Teach them to think.

 

I deal with many bright young college undergraduates. I am continually impressed by them in two ways. I am positively impressed by their knowledge and negatively impressed by their thinking.

I have spent a great deal of thought over the years trying to find a way to teach thinking skills. What do you do when you discover someone cannot put disparate ideas together? How do you teach creativity? How do you help people think about their own thinking?

I have found, over years of effort, that some but not all people can be coached toward thinking by providing them with what I term a “‍clever mirror.‍” One on one, I sit with them and listen to their thoughts, then explain their thoughts to them until we both agree on what they are thinking. Then, and only then, I can model a different way of thinking and repeat the mirroring process until they see themselves thinking that way too. It is a long process, requiring extended one-on-one sessions over an extended period of time. To be confident of the results I would need a third party evaluator, but to the degree my own eyes can see it seems to work most of the time.

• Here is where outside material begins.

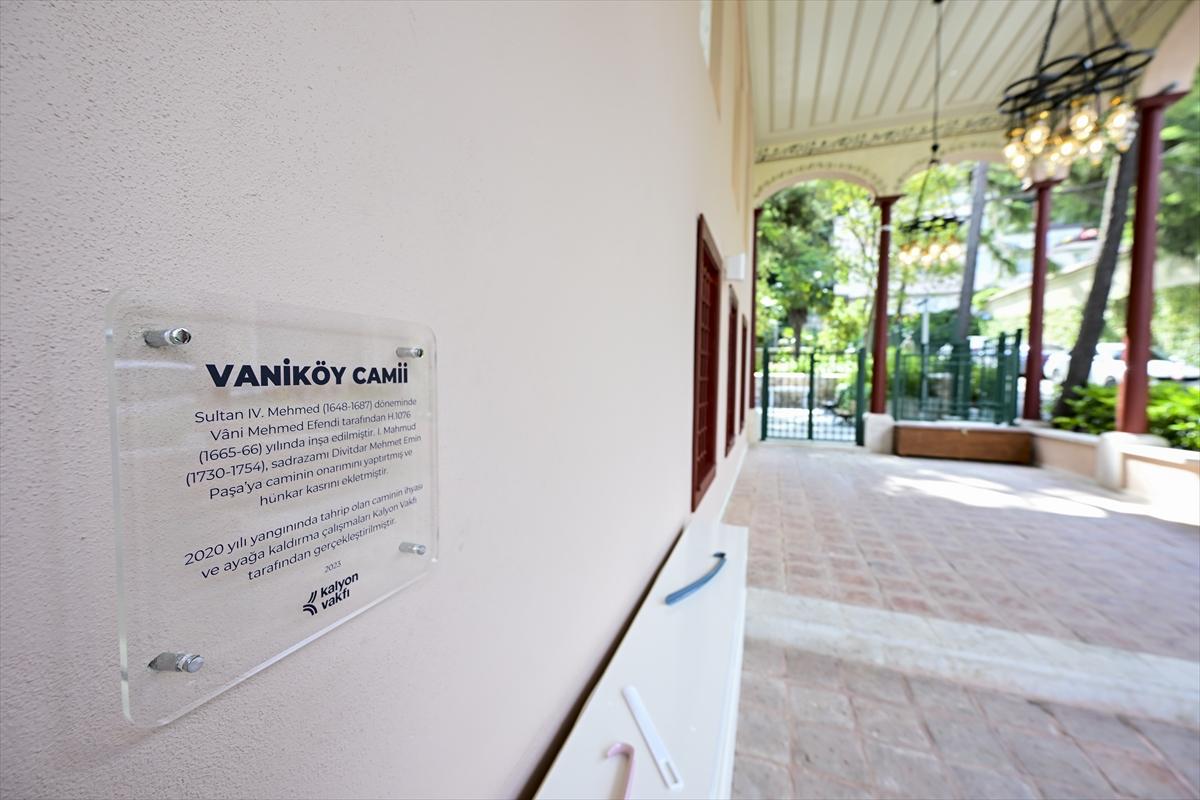 Yangında hasar gören Vaniköy Camisi ibadete açıldı - Resim 7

The other successful approach to teaching thinking is simply to require thinking. Robert Luciano see ``Curriculum in Action’’ CSTA Voice, Vol 5 No 6 (Jan 2010), available on page 6 of this pdf. has the best model of this I’ve seen; he has the students get in groups of 2 or 3 for five minutes each class period and gives them a logic puzzle to solve together, then has them show off their results. Key to his success is his not adjudicating correctness or terms; students that wish to twist things are left to do so. The therefor what? clicker quizzes are another model of the same idea.

But, these successful approaches notwithstanding, I still think of thinking as the impossible lesson. If students don’t think, they will never learn to think. You can train anyone to regurgitate anything, using the same reinforcing patterns used to train animals, but it seems to me you can only invite, not train, thought.

If any of my wise readers know better, I would love to be proven wrong!